= Cyrus A. Ansary =

Iranian-American lawyer and philanthropist (born 1934)

Cyrus A. Ansary (born 1934) is an Iranian-American lawyer, philanthropist, educator, financier and author.

== Life and career ==
Ansary was born in 1934 in Tehran and is the brother of Hushang Ansary. He visited Mt. Vernon, New York in 1950, while attending Alborz High School. Ansary later earned a BS in Economics from American University, a law degree from Columbia and a Certificate in French Civilization from the University of Paris. He served in the U.S. Marines.

He practiced law in the firm of Ansary, Kirkpatrick & Rosse and was Chairman of the Board of JP Morgan Value Opportunities Fund, Inc. He was affiliated with Washington Mutual Investors Fund, Inc. from 1983, and served on the boards of First American Bank of Maryland, Krupp GmbH, Deutsche Babcock and Wilcox. He is the founder and chairman emeritus of Fort Knox National Company. He managed the first sovereign wealth fund in the world to make transnational equity investments.

Ansary has been actively engaged in civic endeavors throughout his career. He served on the Board of Trustees of American University in Washington, D.C., for almost 28 years, including the last nine as Chairman of the Board, and is now Chairman Emeritus. He was a member of the board of trustees of the Krupp Foundation in Essen, Germany. He was also an adjunct professor of corporate finance at American University. Since 1990, the Cyrus A. Ansary Medal has been awarded annually to a civic or corporate leader selected by the American University Board of Trustees.

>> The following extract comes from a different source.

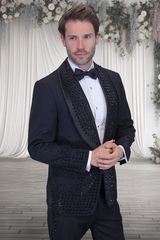 Mens Designer Black Flower Rhinestone Studded Prom and Wedding Tuxedo in Black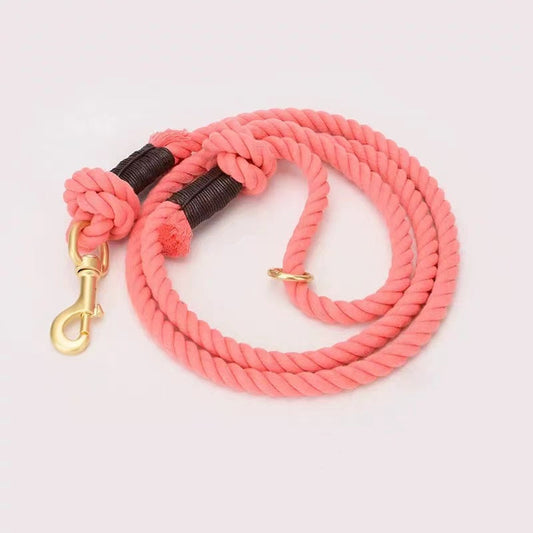 Dog Rope Leash - Coral Pink-0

He has served as a member of the Woodrow Wilson Center for Scholars in Washington, D.C., a trustee of the Washington Opera Society, and a director of the Wolf Trap Foundation in Vienna, Virginia. He was a member of the Life Guard Society of George Washington’s Mount Vernon, and is now an emeritus member.

Ansary has been listed in Who’s Who in America and also Who’s Who in the World for several decades.

He has been a long-term student and admirer of President George Washington and in early 2019 published George Washington: Dealmaker-In-Chief. Ansary is also the author of the memoir Odyssey of High Hopes, published in 2023.

Ansary is the uncle of Nina Ansary.

== Awards ==
Since 1990, the Cyrus Ansary Medal has been awarded annually and is one of the highest volunteer awards given by American University. Recipients include alums, "trustees, volunteers, and community leaders who set high standards for achievement and serve as role models to American University's students and alumni". Recipients have included J. Willard Marriott Jr., Alan L. Meltzer,
Kermit A. Washington and Hani M. S. Farsi.

In March 2014, Mount Vernon awarded its first Cyrus A. Ansary Prize for Courage and Character to former president George H. W. Bush. The prize was established in 2012 by Cyrus A. and Janet H. Ansary and, in 2014, came with $75,000 in unrestricted and Mt. Vernon-related monies.

== Books ==
- Ansary, Cyrus A. George Washington, Dealmaker-in-Chief: The Story of How the Father of Our Country Unleashed the Entrepreneurial Spirit in America. Washington, DC: Lambert Publications LLC, 2019. ISBN 978-1-7326879-0-5.
- Ansary, Cyrus A. Odyssey of High Hopes: A Memoir of Adversity and Triumph. Washington, DC: Lambert Publications LLC, 2022. ISBN 978-17326879-3-6.